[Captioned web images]
○ ○ ○ ○

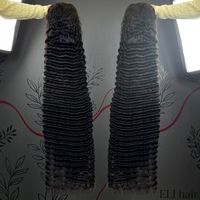 Wear & Go Peluca de Cabello Chino Virgen 12A de 30-40 Pulgadas con Cutícula Alineada, Pre-Desplumada, con Frontal de Encaje HD 13x6, Sin Pegamento, con Encaje Pre-cortado y Rizado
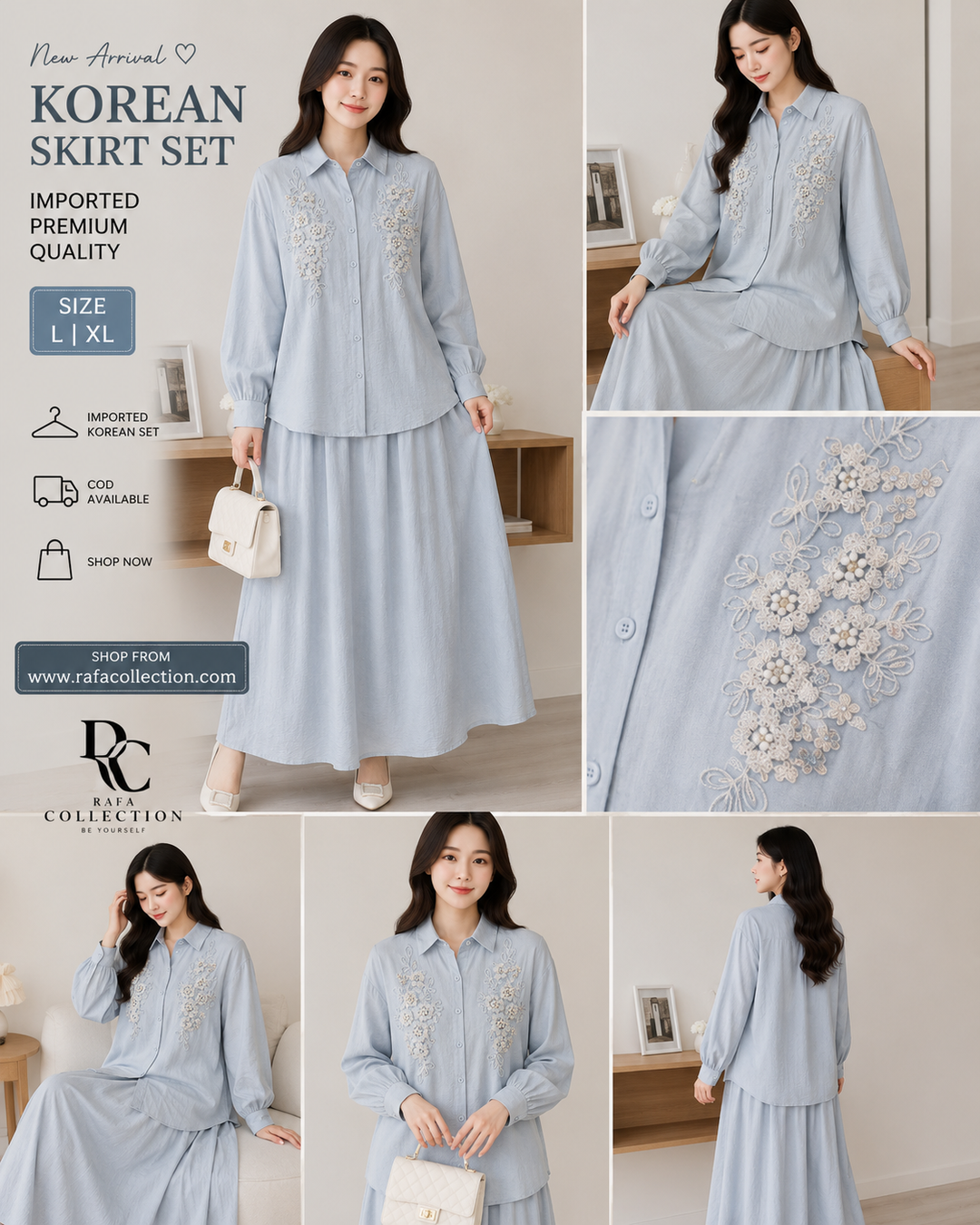Imported korean skirt Co-ord Sets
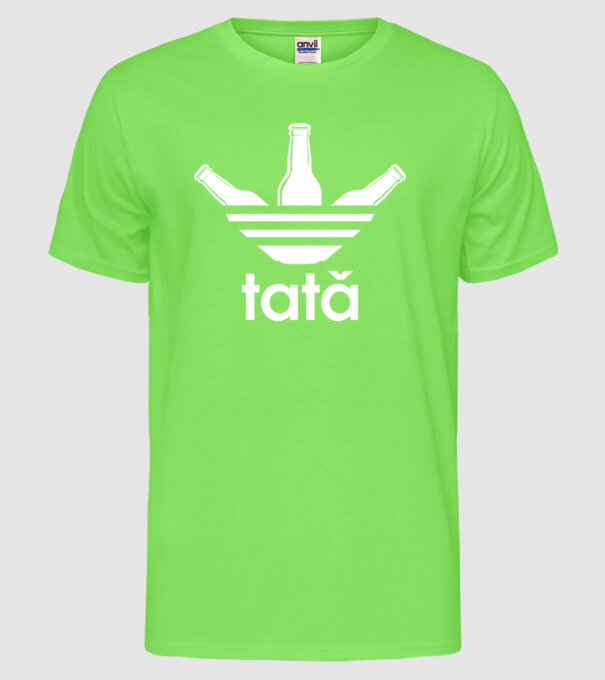 Tatadidas model verde neon pe tricou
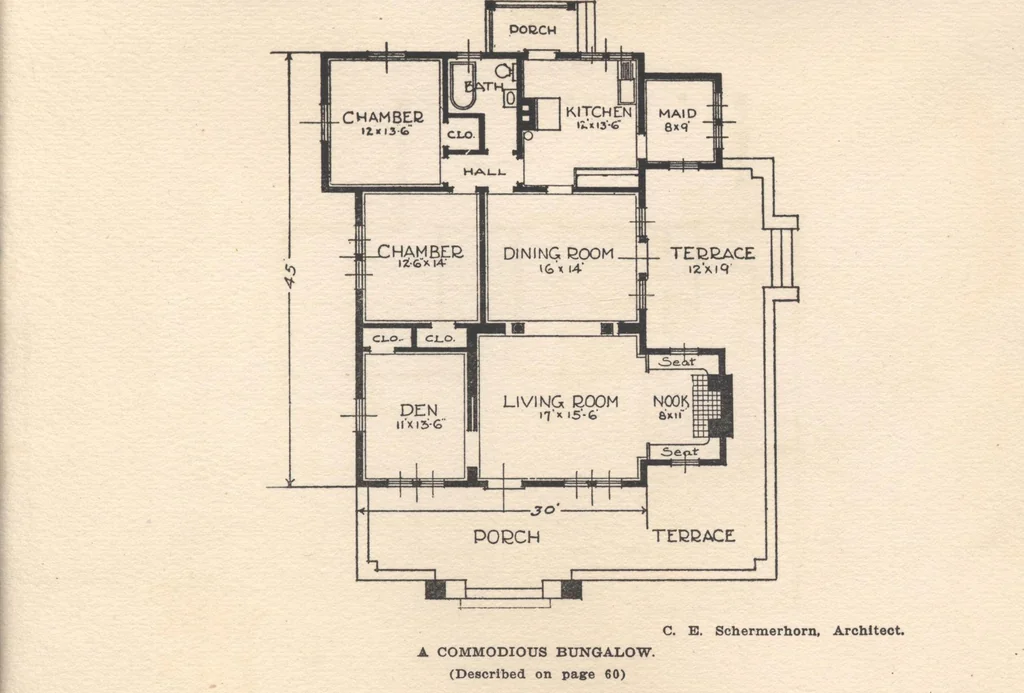 An illustration from Bungalows, camps and mountain houses, 1915, leaf 66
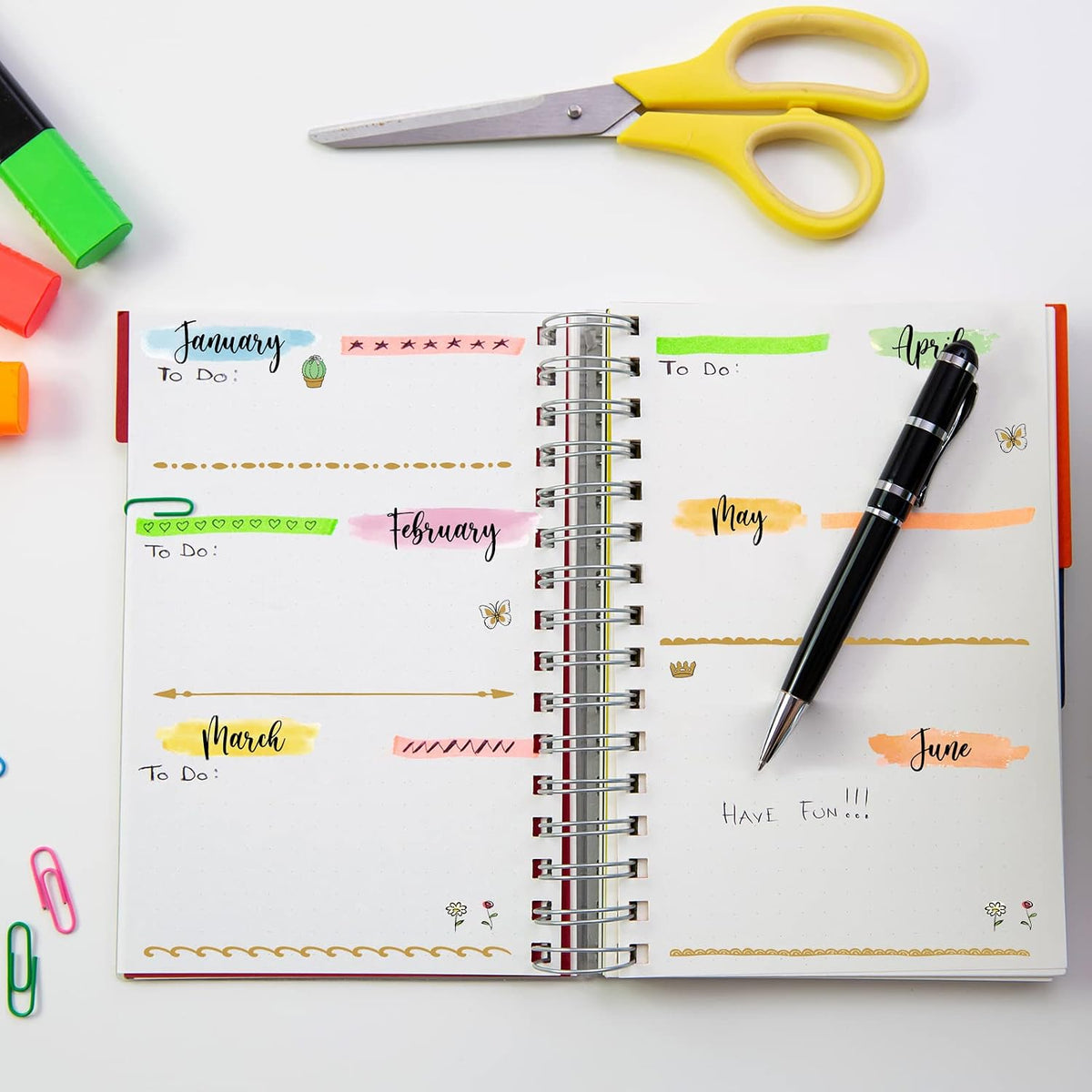 Eersida 16 Sheets Calendar Date Number Stickers for Planners Calendar Tabs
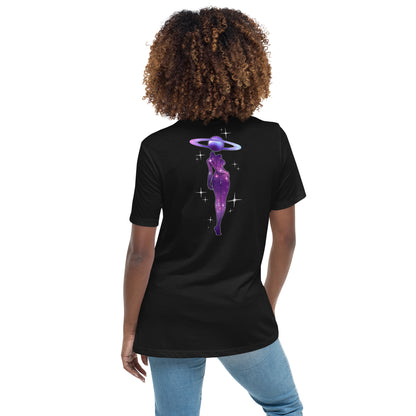 Space Woman design, women's Relaxed T-Shirt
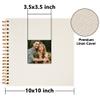 Vienrose Scrapbook 10x10 Inch Hardcover Kraft White Pages DIY Scrapbook Photo Album Linen Cover Scrap Book Photo Albums Scrapbooking Supplies Kit for Couple Family Wedding Travel view 4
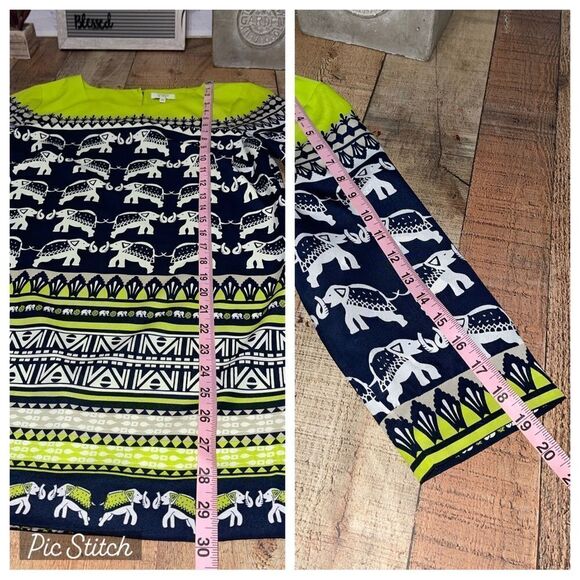 Elephant Pattern Crown & Ivy dress - Picture 6 of 12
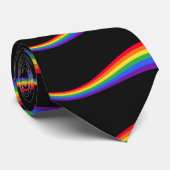 Regenboog Stropdas (Opgerold)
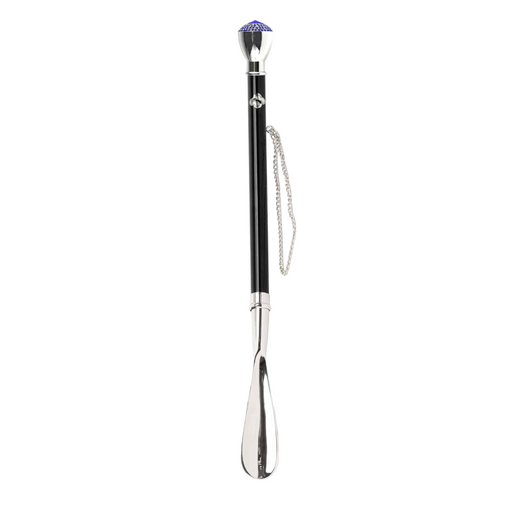 Luxury Sapphire Encrusted Knob Handle Shoehorn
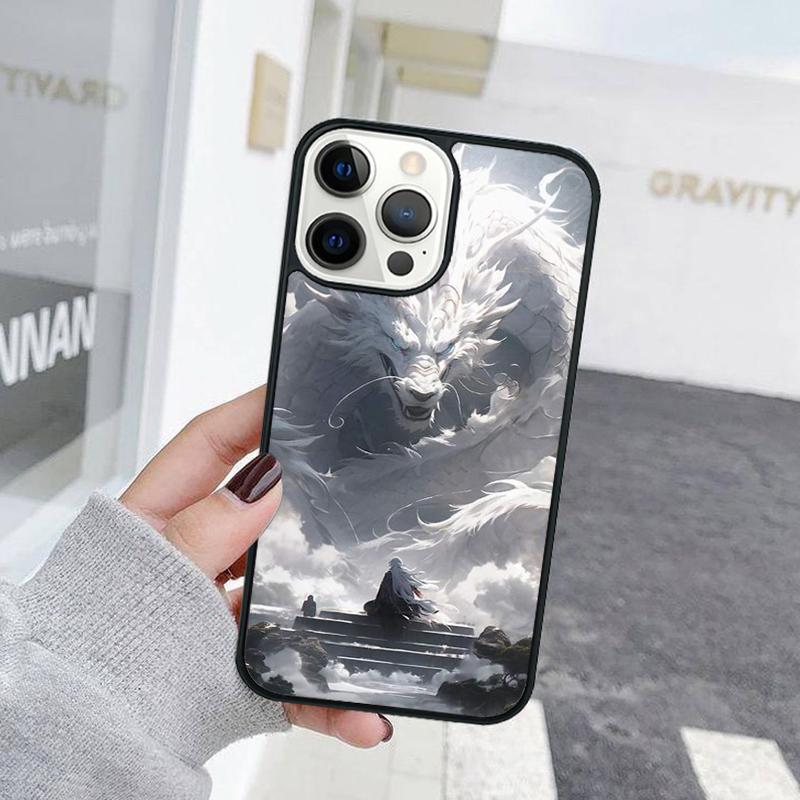 Exquisite Chinese Dragon Flying Phone Case For iPhone 17 Air 15 16 Cover  11 13 14 Pro Max 12 Plus Max Fundas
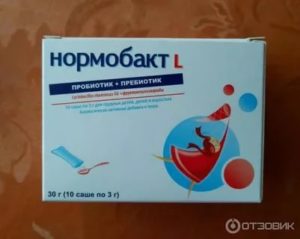 Сочетание смеси и нормобакта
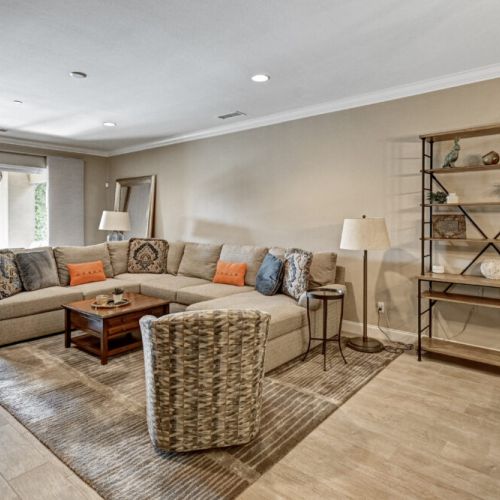 Living Room and Entrance to Back Patio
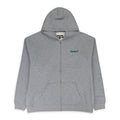 HEATHER GREY ZIP UP ESSENTIAL HOODIE
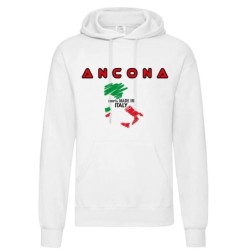 Felpa 100% made in Italy Ancona uomo donna tifosi calcio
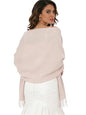 Sumolux Scarf for Women Pashmina Shawls Wraps for Evening Dresses Wedding Bridesmaid Gifts Winter Warm Soft Scarves - color: Oatmeal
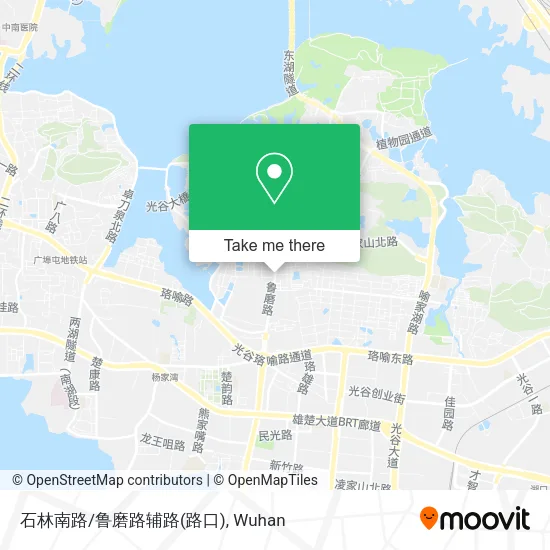 石林南路/鲁磨路辅路(路口) map
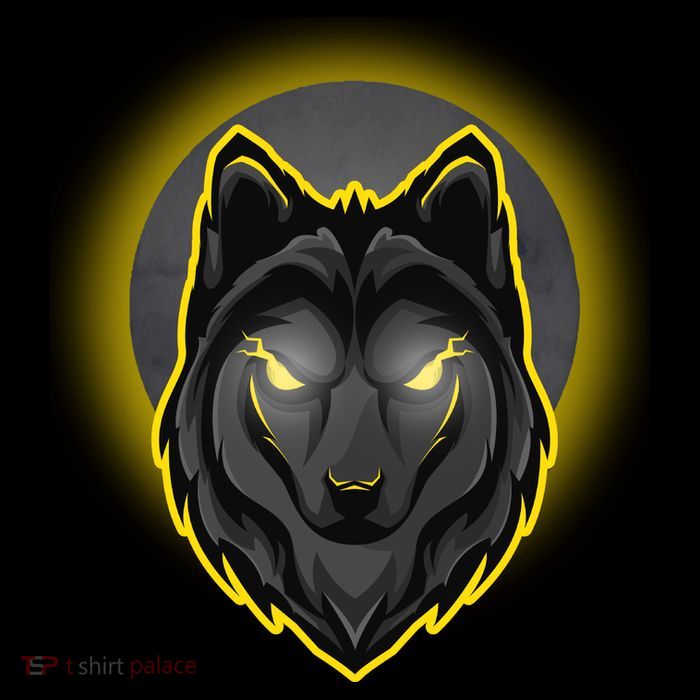 Cool Ghost Wolf Glowing Moon Zip Tote Bag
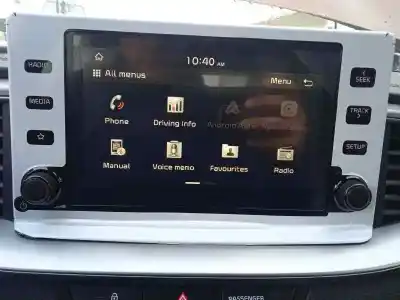 Second-hand car spare part audio system / radio cd for kia xceed 1.0 tgdi cat oem iam references 96160j7515wk  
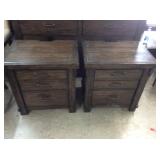 Ashley Rustic Nightstands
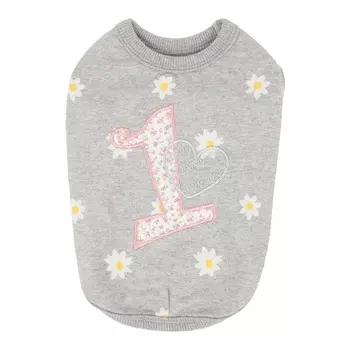 Pinkaholic футболка в цветочек с аппликацией и вышитым сердечком (L)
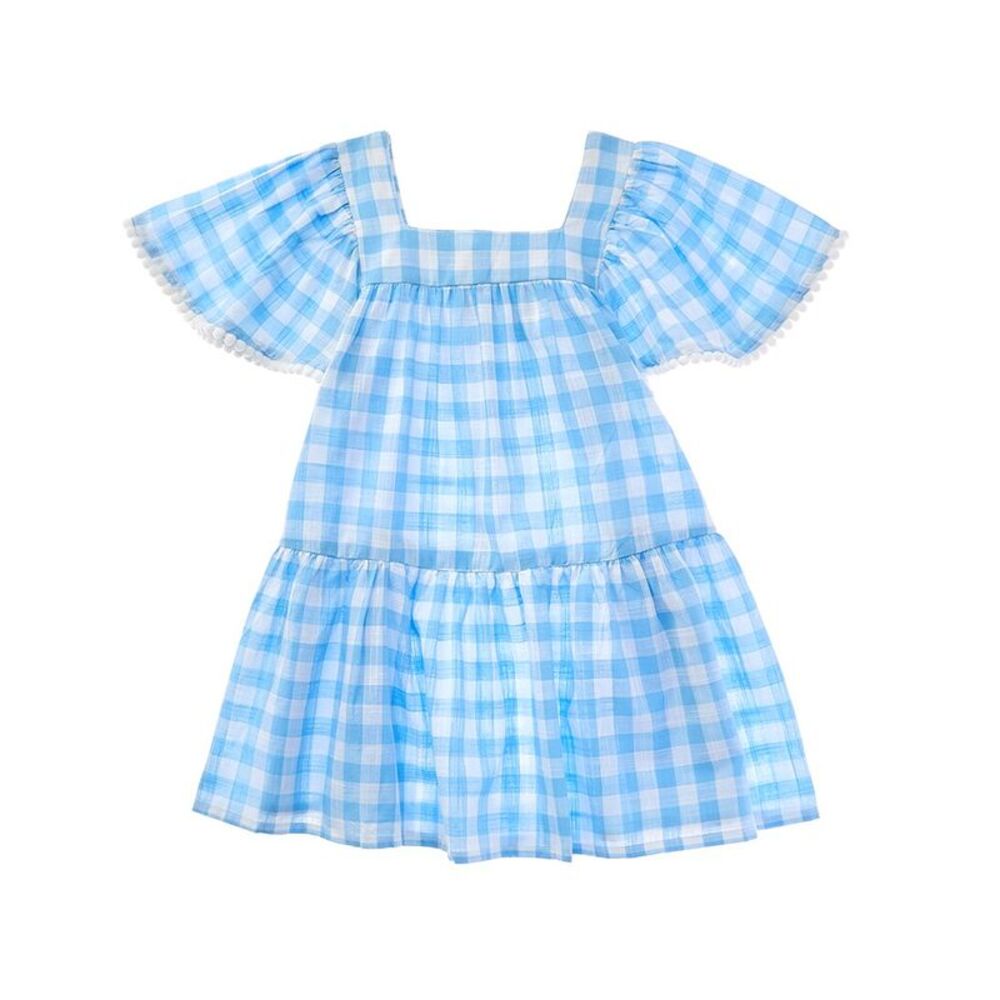 Snapper Rock Girls  Gingham Beach Dress, Blue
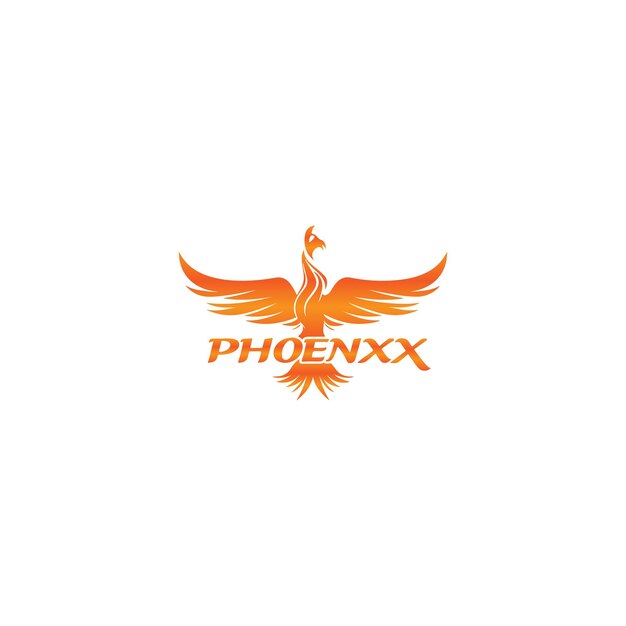 Phoenix bird symbol and logo design vector illustration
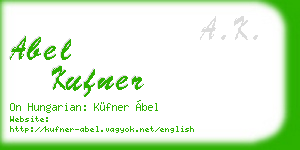 abel kufner business card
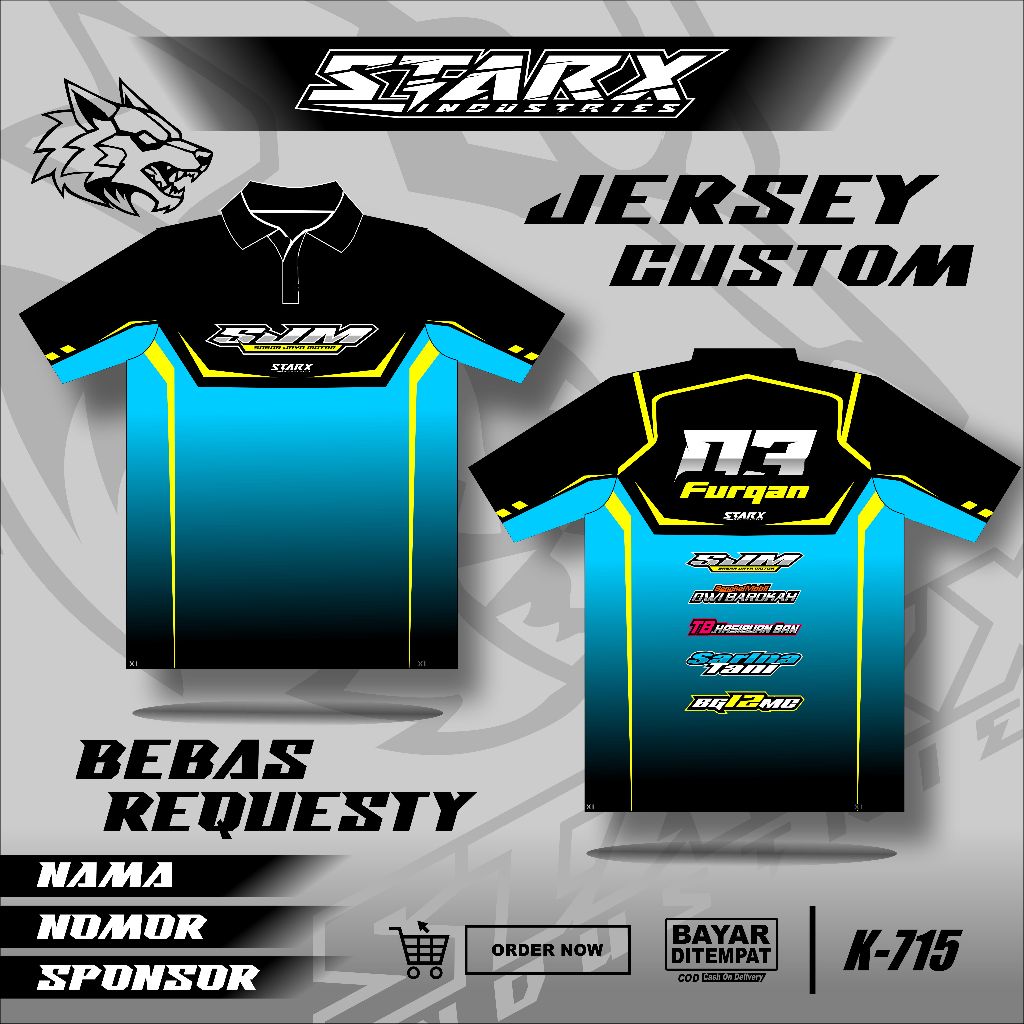 RACING JERSEY custom jersey RACING jersey can change name number ...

○ ○ ○ ○

--- About this exercise ---
In the answer, the entries should be restated verbatim, with all pictures omitted.

--- Written solution ---
 Wear & Go Peluca de Cabello Chino Virgen 12A de 30-40 Pulgadas con Cutícula Alineada, Pre-Desplumada, con Frontal de Encaje HD 13x6, Sin Pegamento, con Encaje Pre-cortado y Rizado
Imported korean skirt Co-ord Sets
 Tatadidas model verde neon pe tricou
 An illustration from Bungalows, camps and mountain houses, 1915, leaf 66
 Eersida 16 Sheets Calendar Date Number Stickers for Planners Calendar Tabs
 Space Woman design, women's Relaxed T-Shirt
 Vienrose Scrapbook 10x10 Inch Hardcover Kraft White Pages DIY Scrapbook Photo Album Linen Cover Scrap Book Photo Albums Scrapbooking Supplies Kit for Couple Family Wedding Travel view 4
 Elephant Pattern Crown & Ivy dress - Picture 6 of 12
 Regenboog Stropdas (Opgerold)
 Luxury Sapphire Encrusted Knob Handle Shoehorn
 Exquisite Chinese Dragon Flying Phone Case For iPhone 17 Air 15 16 Cover  11 13 14 Pro Max 12 Plus Max Fundas
 Сочетание смеси и нормобакта
 Living Room and Entrance to Back Patio
 HEATHER GREY ZIP UP ESSENTIAL HOODIE
 Felpa 100% made in Italy Ancona uomo donna tifosi calcio
 Sumolux Scarf for Women Pashmina Shawls Wraps for Evening Dresses Wedding Bridesmaid Gifts Winter Warm Soft Scarves - color: Oatmeal
 石林南路/鲁磨路辅路(路口) map
 Cool Ghost Wolf Glowing Moon Zip Tote Bag
 Second-hand car spare part audio system / radio cd for kia xceed 1.0 tgdi cat oem iam references 96160j7515wk  
 Ashley Rustic Nightstands
 Pinkaholic футболка в цветочек с аппликацией и вышитым сердечком (L)
 Snapper Rock Girls  Gingham Beach Dress, Blue
 Phoenix bird symbol and logo design vector illustration
 abel kufner business card
 RACING JERSEY custom jersey RACING jersey can change name number ...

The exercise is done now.